I am curretnly attempting to write a script in python that allows me to send a get request to a webpage (using the python requests module) and then parsing the response with the module beautiful soup.
The problem I am running into is that the table I am trying to get gets loaded/created via a javascript after the initial DOM loads therefore the response to my get request does not contain it.
Two possible things you could do, which depends on your problem.
1. Get the table directly
If you actually want to get the table, check what request is issued to get the table. For example, you can use Firebug or Chrome Developer Tools to get the right structure for the request.
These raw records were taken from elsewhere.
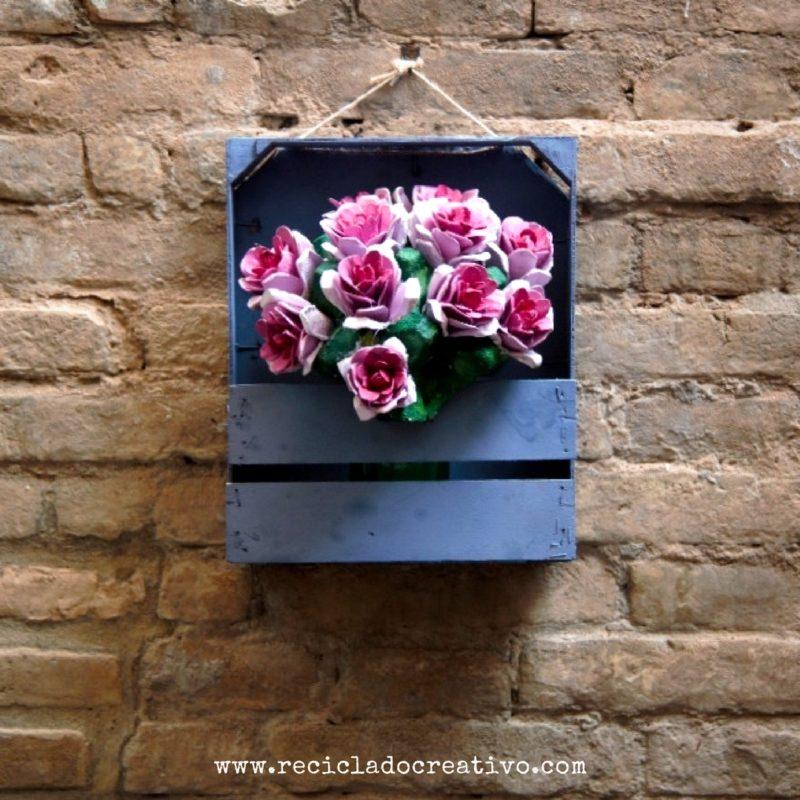 Cajas de fresas de madera recicladas y convertidas en estantes decorativos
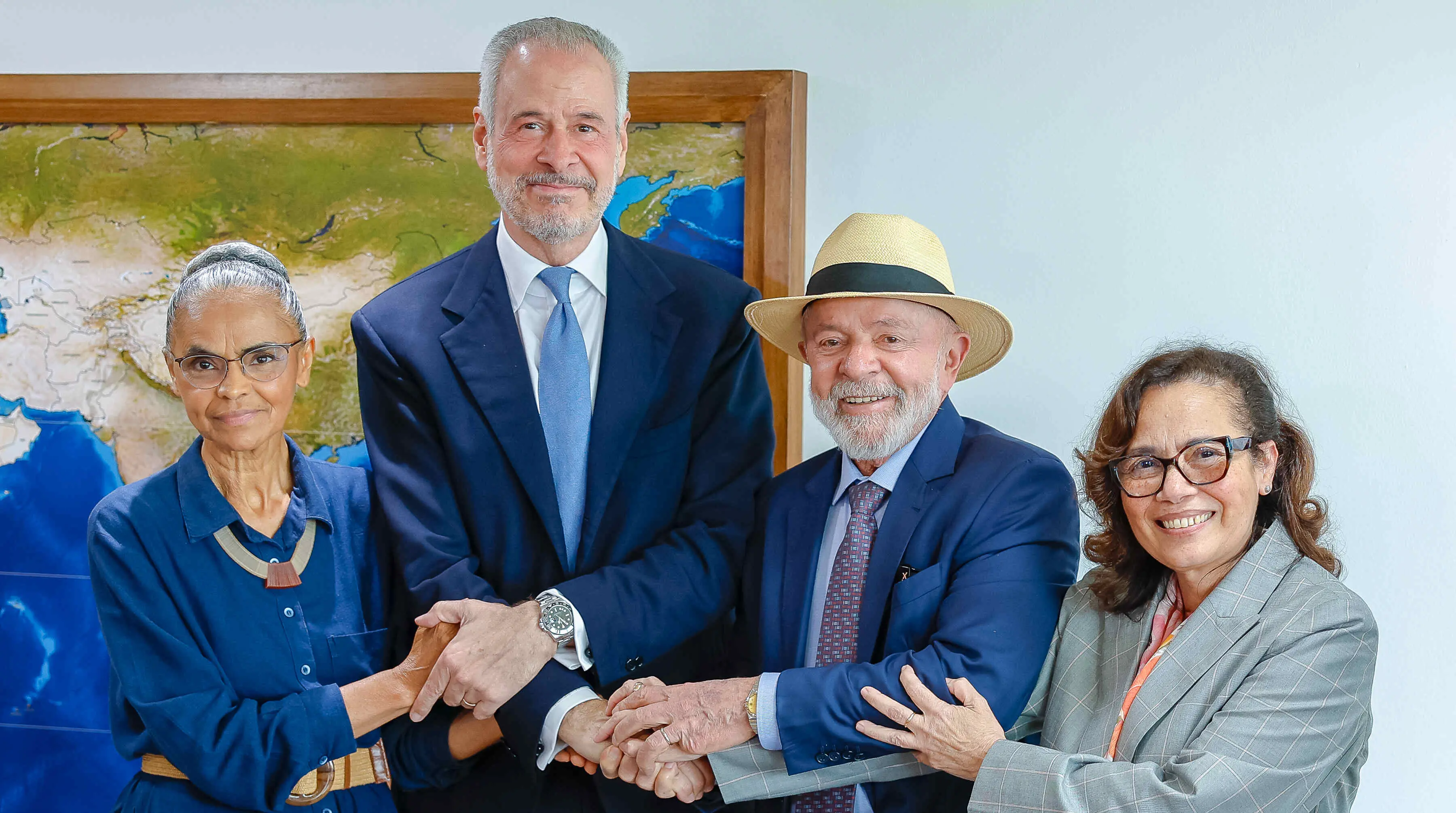 Imagem da notícia: Lula escolhe embaixador André Corrêa como presidente da COP30, em Belém
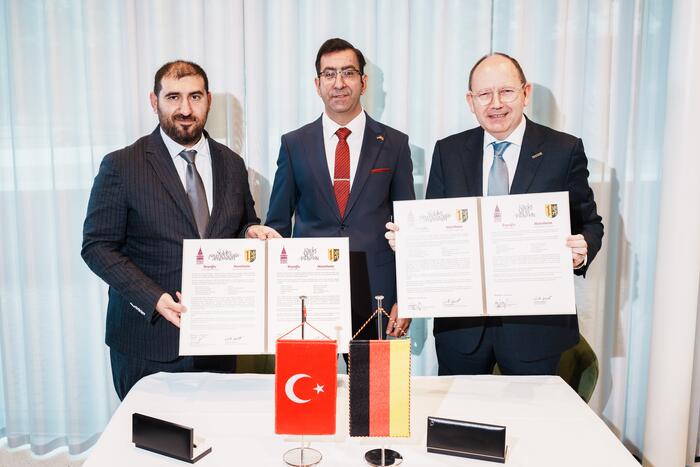 Mit dem Partnerschaftsvertrag: Stellvertretender Bürgermeister Halis Yeşilbaş, Generalkonsul Mahmut Niyazi Sezgin und Oberbürgermeister Christian Specht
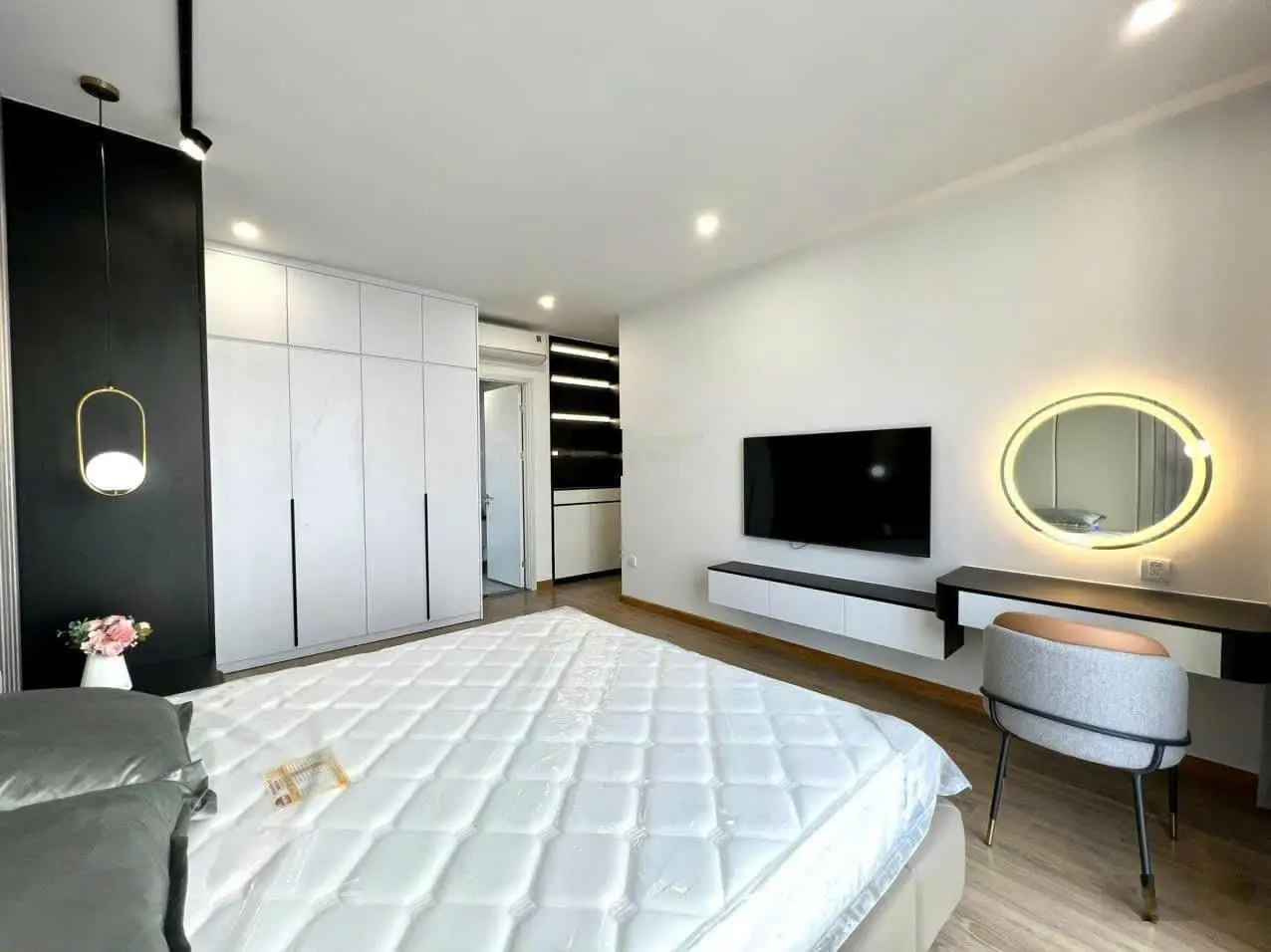 Bán Căn 3PN Giá Tốt -Nhà Đẹp Dolphin Plaza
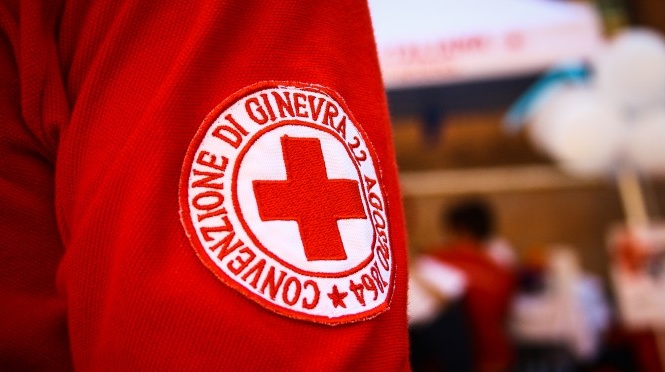 NIGERIANO DI 27 ANNI RISCHIA DI MORIRE ANNEGATO A VENTIMIGLIA, DOPO UN TUFFO IN MARE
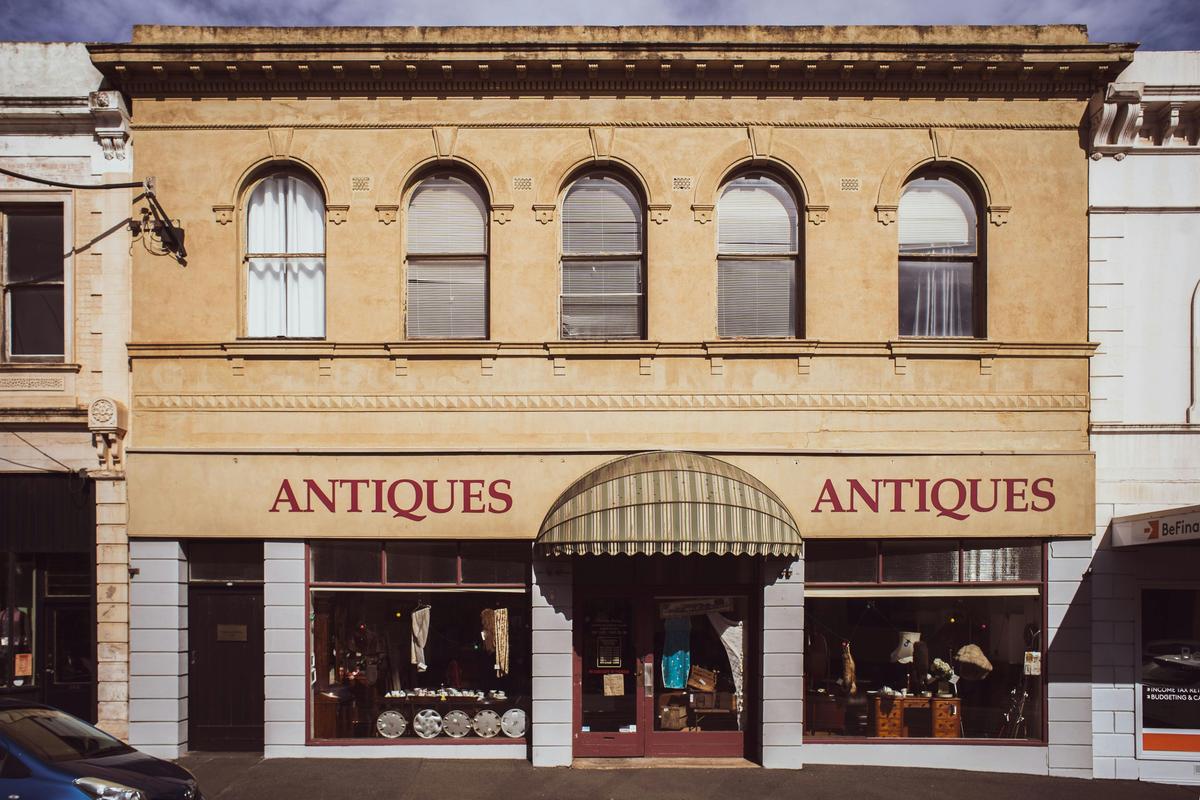 Antique store at Main Road
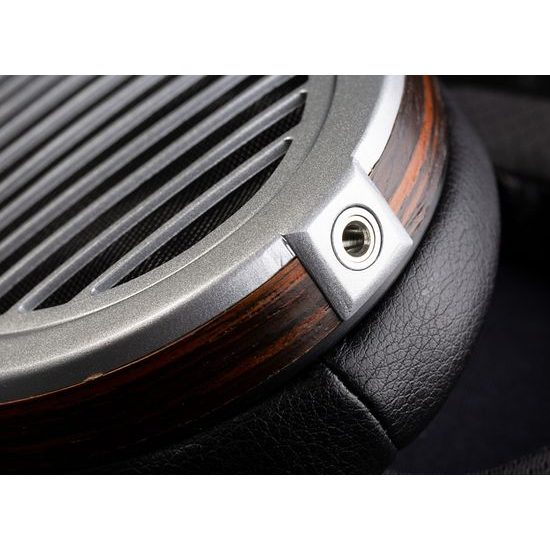 HiFiMAN HE1000se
2. The Javascript is important
If it is more important to support many websites, and it’s important that the javascript does some magic, you could use something like Selenium to use a Brwoser which excecutes the Javascript and you can get the source after the table is loaded.
Update – based on your URL in your comment
You can see on the
NetworkTab in the Chrome Developer Tool, that it loads very long for this request:http://www.ticketmaster.com/json/browse/music?select=n93
So we assume that this loads your data. Open the URL in your browser, and you see the data of your table is there in the JSON Format.
If you only want to parse/get this table and nothing generic for a lot of pages, I would just GET the data with this aproach.
Update
Try to change the table with the filter or the day range. You can examine how the API works and issue the request in the way you want.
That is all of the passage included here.